Autre phénomène du moment: l’environnement de taux bas et la mise en place de Solvency II depuis le 1er janvier font que le marché est actuellement appelé à être restructuré dans son offre. «L’environnement nous pousse à changer l’équation. Nous voyons poindre des nouvelles générations de produits. Les acteurs qui fournissaient traditionnellement des garanties ne vont pas arrêter de fournir des garanties mais vont restructurer leur offre pour offrir un mix risque/rendement différent», explique Fabrice Sauvignon. Un phénomène qui concerne les plus grands acteurs de la Place.

«La plupart des compagnies ont déjà anticipé le phénomène, notamment en appliquant des règles plus strictes en matière de business mix (taux-capital garanti vs unités de compte)», souligne pour sa part Eric Winter. Lombard est moins affectée par ce phénomène dans la mesure où l’entreprise ne propose pas des produits à taux garantis, «une décision stratégique», selon Nicolas Demarest, qui reconnaît toutefois que les consommateurs «recherchent une garantie, une sécurité dans ces moments de turbulence boursière».

«Nous essayons d’être plus inventifs et travaillons sur de nouveaux produits, de nouvelles options pour donner un niveau de confort aux clients.»

Les enjeux de la digitalisation

Pour les années à venir, le grand défi sera celui de la digitalisation. «La digitalisation est un élément majeur, elle va faciliter les interactions à distance et l’expérience client.
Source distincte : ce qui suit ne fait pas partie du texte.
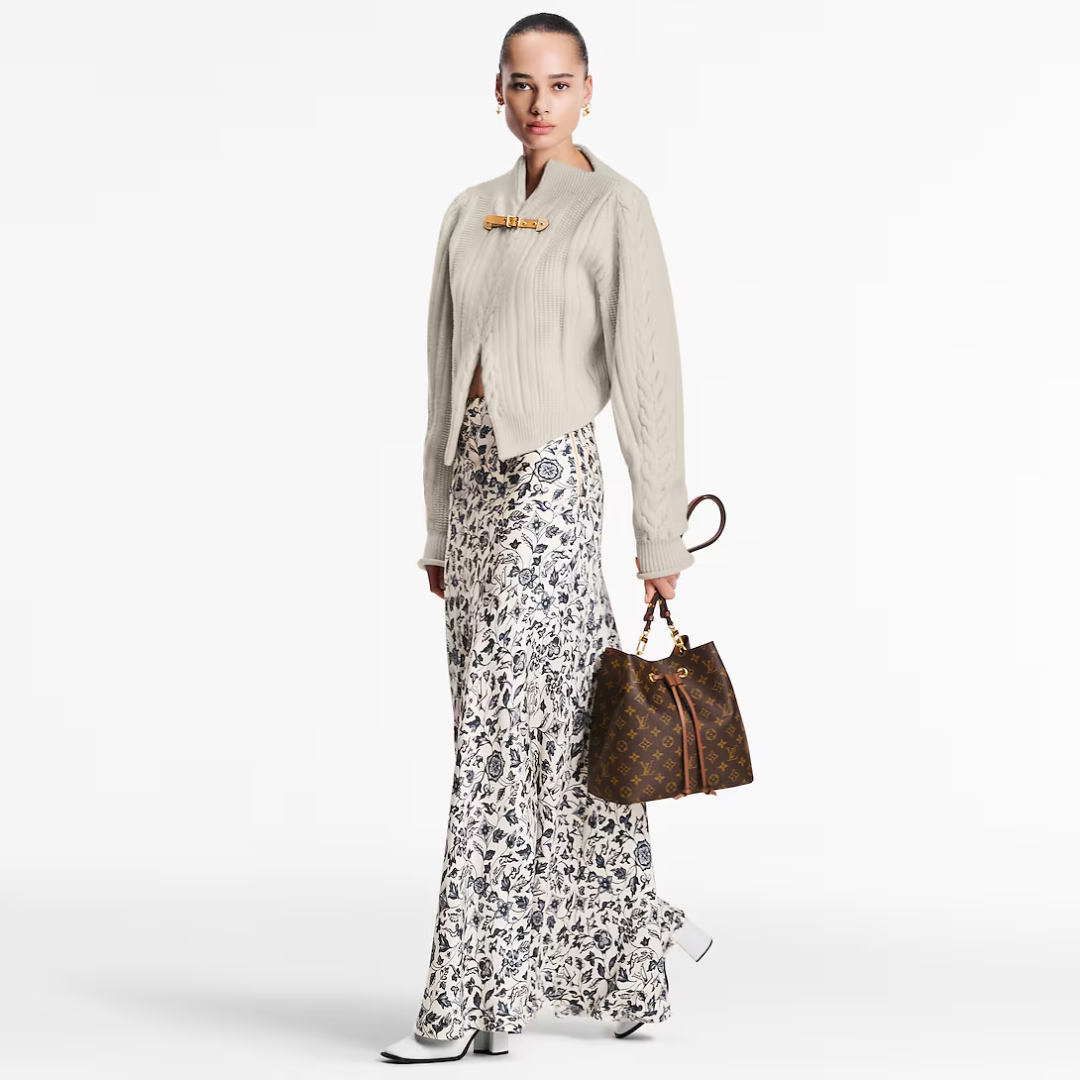 NEONOÉ MM TASCHE VON LOUIS VUITTON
Le Luxembourg a devant lui un boulevard de développement », explique Fabrice Sauvignon.

Les atouts du Luxembourg n’ont jamais été aussi forts. 

Fabrice Sauvignon, directeur général, La Mondiale Europartner

Eric Winter distingue pour sa part deux facettes de cette nouvelle tendance: s’il soutient «la digitalisation comme service rendu pour le suivi administratif du contrat», il est plus sceptique quant à l’aspect «vente des contrats», certains types de produits ou de contrats ne se prêtant pas à l’intermédiation à distance car ils nécessitent un conseil et un accompagnement sur mesure. «Il faudra toujours communiquer, rencontrer et accompagner le client dans sa démarche.»

Perspectives pour les prochains mois

L’un des grands enjeux de la digitalisation concerne aussi la collecte, le stockage, le traitement et la diffusion des informations, qui impliquent un coût non négligeable. «Nous devons continuer à pouvoir délivrer plus de services dans un environnement avec des marges qui ont tendance à s’éroder. À une échéance relativement courte, si nous ne proposons pas ce service, nous serons hors-jeu.»

À court terme, il faudra non seulement rester vigilant face aux nouvelles législations européennes mais également aux nouvelles lois nationales des différents marchés qui concernent les aspects fiscaux mais aussi civils. «Dans ce rythme effréné de changement, ce qui est important, c’est de garder cette unicité de la Place pour agir ensemble et rester crédible à l’étranger», explique Eric Winter.

Il faudra toujours communiquer, rencontrer et accompagner le client dans sa démarche.

Eric Winter, directeur commercial, Foyer International

«Il faudra aussi réussir à supporter les coûts qu’on nous demande. Souvent, on voit qu’il y a une guerre des prix, une pression sur les marges. Il faut défendre la complexité de notre activité», explique de son côté Nicolas Demarest. Pour Fabrice Sauvignon, «il importera aussi de faire le récit de l’utilité du Luxembourg dans l’économie européenne. Cela participe d’une logique de développement durable qui fait qu’on s’inscrit dans le long terme.» 

On l’aura compris, le marché de l’assurance-vie est extrêmement dynamique et, en raison de facteurs externes, amené à évoluer constamment. Il appartient aux différents opérateurs du secteur d’en saisir les opportunités et de rester unis.